The New Jersey Department of Health licensed Hackensack Meridian Mountainside Medical Center to perform a radiation treatment called peptide receptor radionuclide therapy (PPRT) using the drug LUTATHERA® for adults with advanced, cancerous neuroendocrine tumors that develop in the gastrointestinal tract and pancreas. This drug is FDA-approved and has been used to treat patients since 2018.
It is estimated that more than 12,000 people in the U.S. are diagnosed with neuroendocrine tumors (NETs) annually, and the number of people diagnosed with this type of tumor has increased. This is thought to be attributed to improvements in testing, diagnostics and increased awareness of these tumors.

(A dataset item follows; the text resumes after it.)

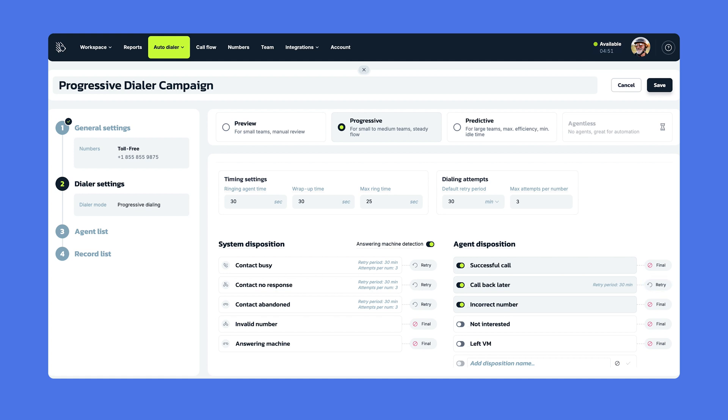Once you set up all of these parameters, your auto dialer is set. But of course, you still need to choose the agents who will actually be participating, and you have to upload a record list to start the campaign. This is what we're going to be talking about next.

The drug is administered by intravenous (IV) infusion between eight weeks and 16-weeks apart. A full course of therapy consists of four doses. Different from most cancer medicines, LUTATHERA specifically targets and enters cells with somatostatin receptors - such as those found in the neuroendocrine tumors in the gut - and their neighboring cells. Treatment takes place in a specially designated treatment room in the hospital’s Infusion Center. Anti-nausea medicine, and amino acids are also given to protect the patients’ kidneys from radiation.
Brett Lewis, M.D., Ph.D., medical director of radiation oncology at Mountainside, has been administering the treatment at Hackensack Meridian John Theurer Cancer Center since 2019. “I am excited that Mountainside received licensure to administer PPRT treatment,” said Dr. Lewis. “Bringing the latest, targeted cancer therapies to the hospital means that our local community does not need to travel out of the area to receive the advanced care they need.”
“Providing patients with a high level of care is our priority,” said Tim O’Brien, chief executive officer. “The collaboration between the multidisciplinary teams at the hospital that helped to develop and launch this program shows our commitment to bringing the latest in life-saving and life-extending treatments to our community.”